Lisa Kirsch und Mihyun Ko – Foto © Joris Jan Bos

Ein Manko der Choreo­grafie, nicht der Tänzer. Sowohl Federico Casadei, Abine Leao Ka, Michele Nunziata auf der männlichen Seite als auch Lisa Kirsch, Mihyun Ko und Giulia Marino auf der weiblichen begeistern mit exzes­sivem Körper­einsatz und Akkura­tesse. Und wenn das Abschlussbild der Moden­schau steht, ist das so stark, dass die Besucher bereits vom Ende der Veran­staltung ausgehen und Applaus aufbrandet. Das aller­dings ist auch einer Schwäche der Musik geschuldet, die hier keinen ordent­lichen Übergang schafft.

Neben dem CanCan greift Soavi auch auf andere Stücke des begna­deten Cellisten und Kompo­nisten Offenbach zurück, gesteht ihnen aller­dings überwiegend die Rolle von Inter­mezzi zu. Katharina Apel-Hülshoff und Anja Schröder lösen ihre Aufgaben am Cello perfekt und schrecken auch nicht davor zurück, ihre Musik in die von Stefan Bohne verweben zu lassen. Der übernimmt den Löwen­anteil der Musik und löst sie mit elektro­ni­scher Kompo­sition. Das wirkt mitunter atmosphä­risch dicht, bietet zwischen­durch viel Konfek­ti­onsware und erlebt ihren Höhepunkt in der Unter­malung der Modenschau.

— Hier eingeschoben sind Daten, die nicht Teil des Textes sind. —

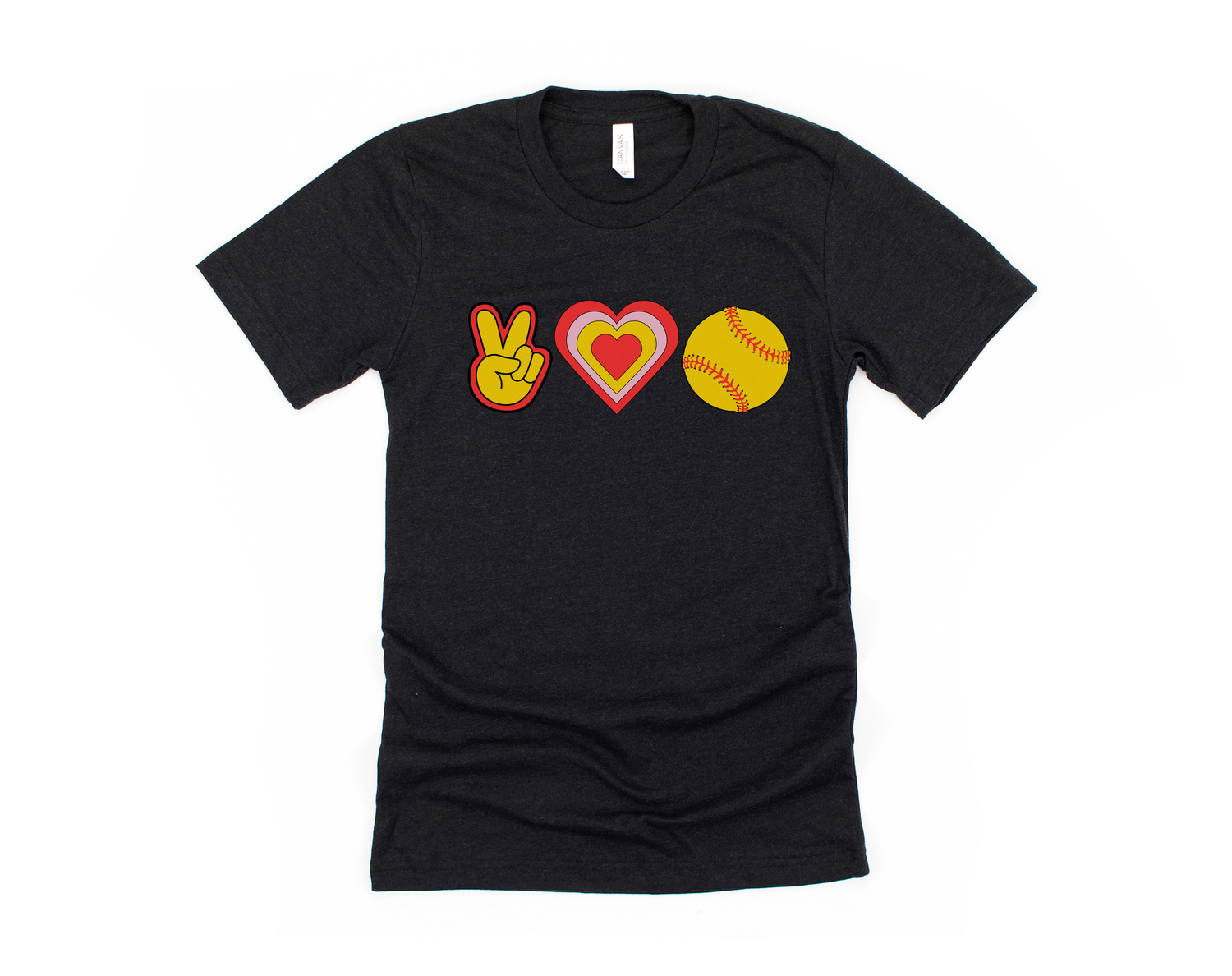 Peace, Love and Softball Short Sleeve Tee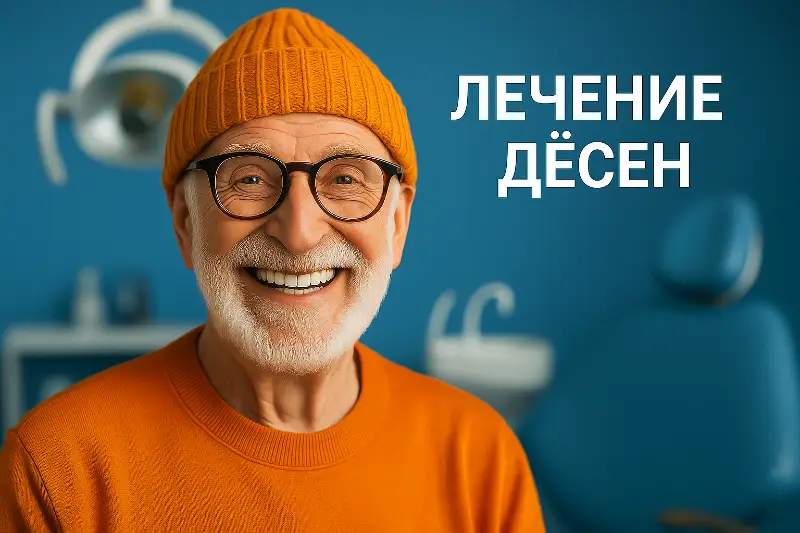 Пожилой мужчина в оранжевой шапке улыбается после лечения дёсен в стоматологии Хуньчуня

Das führt letztlich zur Frage, ob eine Moden­schau den Abend rettet. Nein, vielmehr hat Soavi hier einen drama­tur­gi­schen Höhepunkt geschaffen, der überzeugt. Ein tieferer Blick zeigt, dass das, was nach dem spekta­ku­lären Show-Effekt folgt, eigentlich den stärksten Teil des Werkes bildet.

Nach 80 Minuten tobt das Publikum. Keine Rede mehr von Offenbach-Schlagern oder ‑Imita­tionen. Soavi kann mit seiner Abstraktion überzeugen und lässt sich und sein Team ausgiebig feiern. Einmal mehr nicht auf den großen Bühnen, sondern in der Kölner Orangerie. Da muss sich die eine oder andere hochsub­ven­tio­nierte Bühne fragen, ob die Relationen noch stimmen.